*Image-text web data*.
# # #

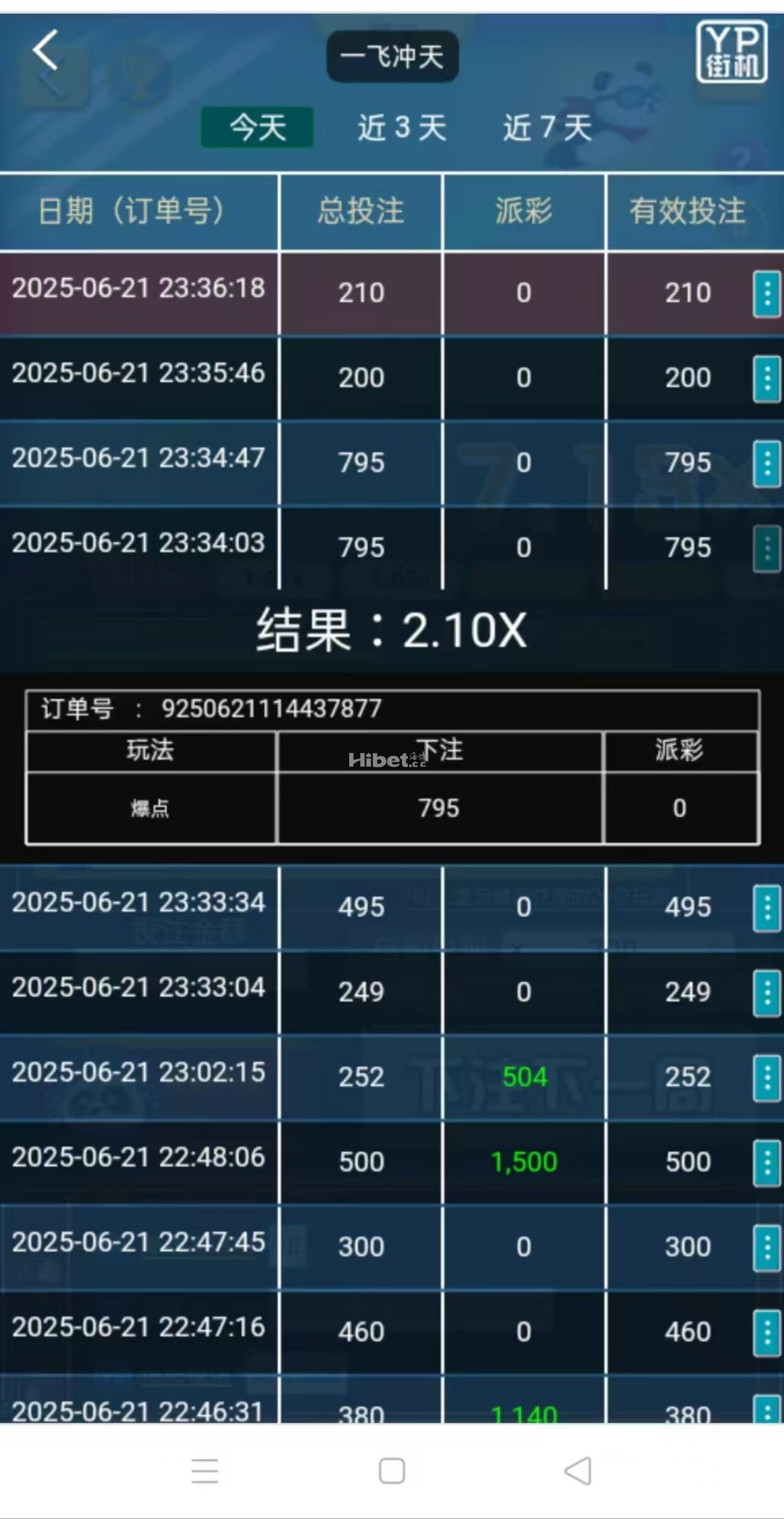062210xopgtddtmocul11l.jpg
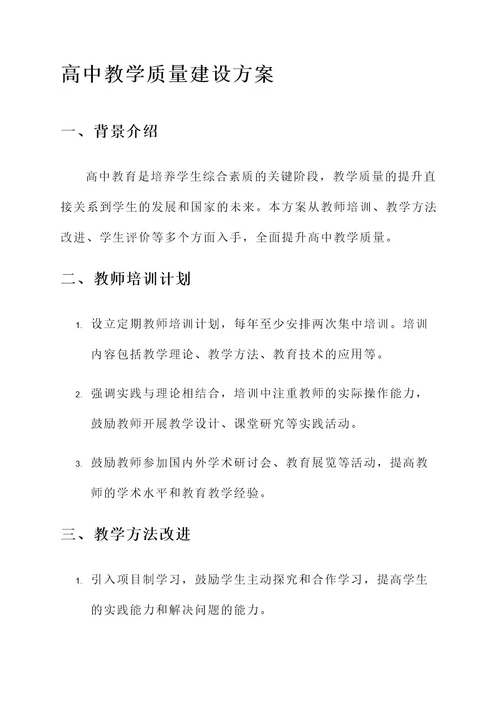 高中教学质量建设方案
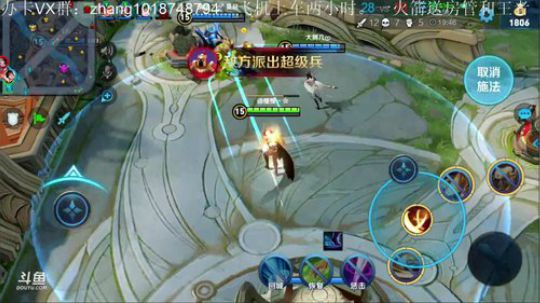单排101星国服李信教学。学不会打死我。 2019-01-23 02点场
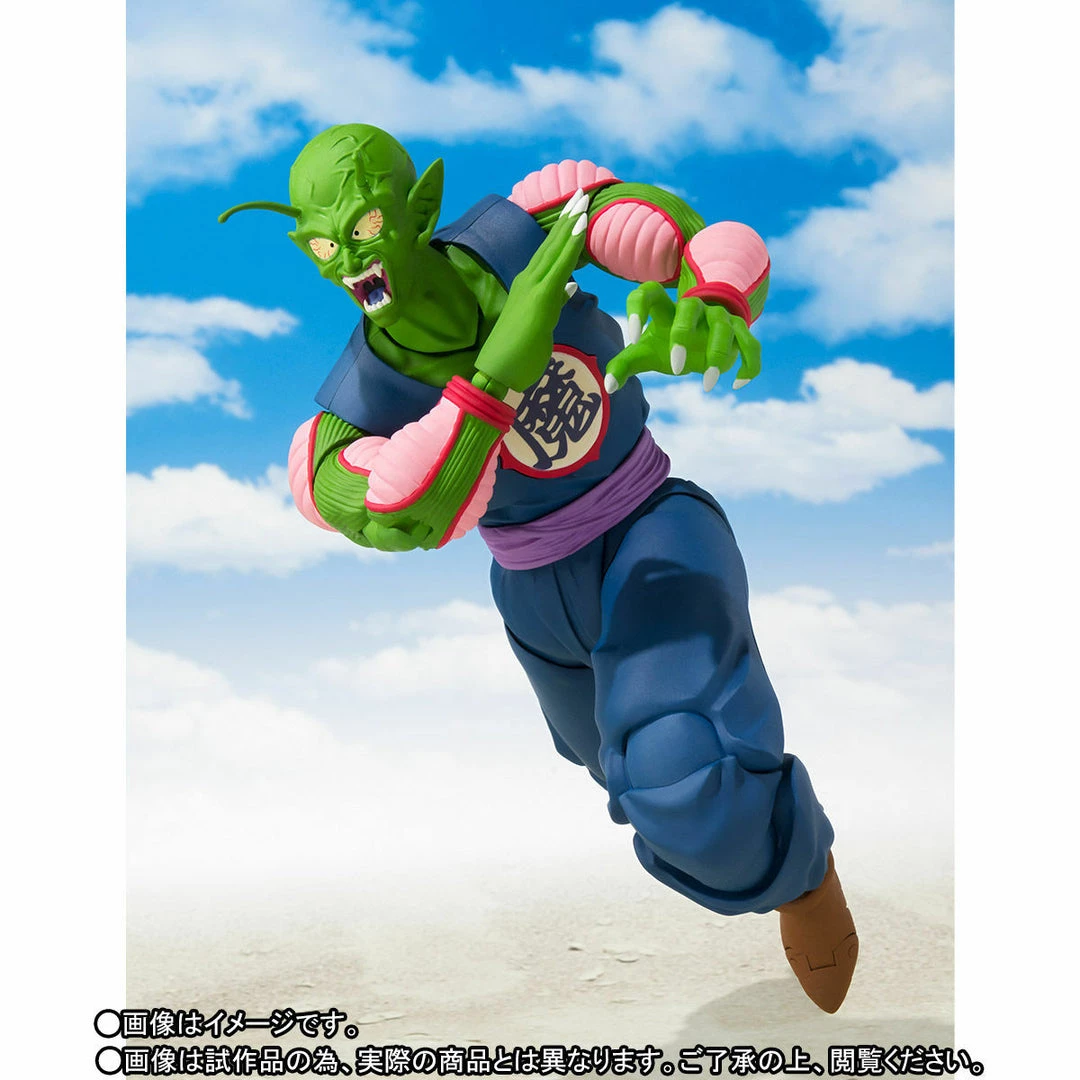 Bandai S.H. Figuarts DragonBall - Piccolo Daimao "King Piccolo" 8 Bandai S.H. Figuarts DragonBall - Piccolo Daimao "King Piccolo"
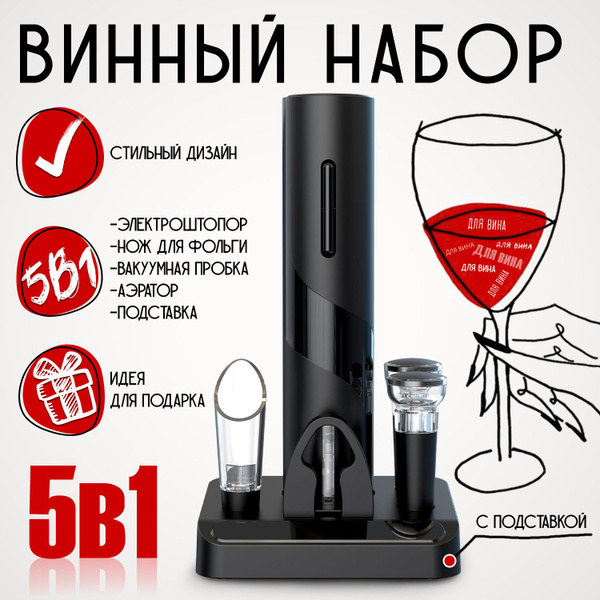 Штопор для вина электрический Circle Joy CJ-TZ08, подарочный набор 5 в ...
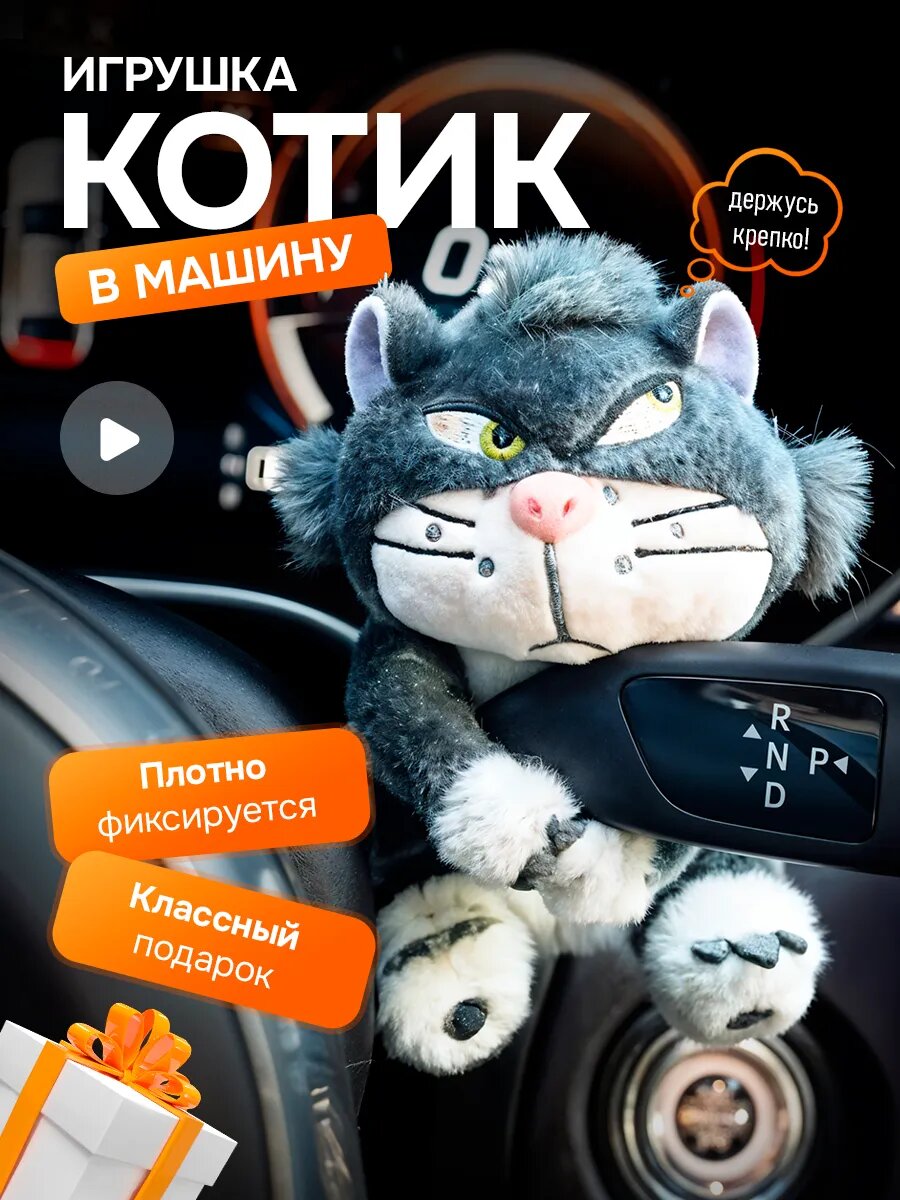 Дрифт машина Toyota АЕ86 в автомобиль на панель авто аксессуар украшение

# # #

*Instructions for the task*.
Could you restate every record above word for word, leaving the pictures out?

*Task answer*.
062210xopgtddtmocul11l.jpg
 高中教学质量建设方案
单排101星国服李信教学。学不会打死我。 2019-01-23 02点场
 Bandai S.H. Figuarts DragonBall - Piccolo Daimao "King Piccolo" 8 Bandai S.H. Figuarts DragonBall - Piccolo Daimao "King Piccolo"
 Штопор для вина электрический Circle Joy CJ-TZ08, подарочный набор 5 в ...
 Дрифт машина Toyota АЕ86 в автомобиль на панель авто аксессуар украшение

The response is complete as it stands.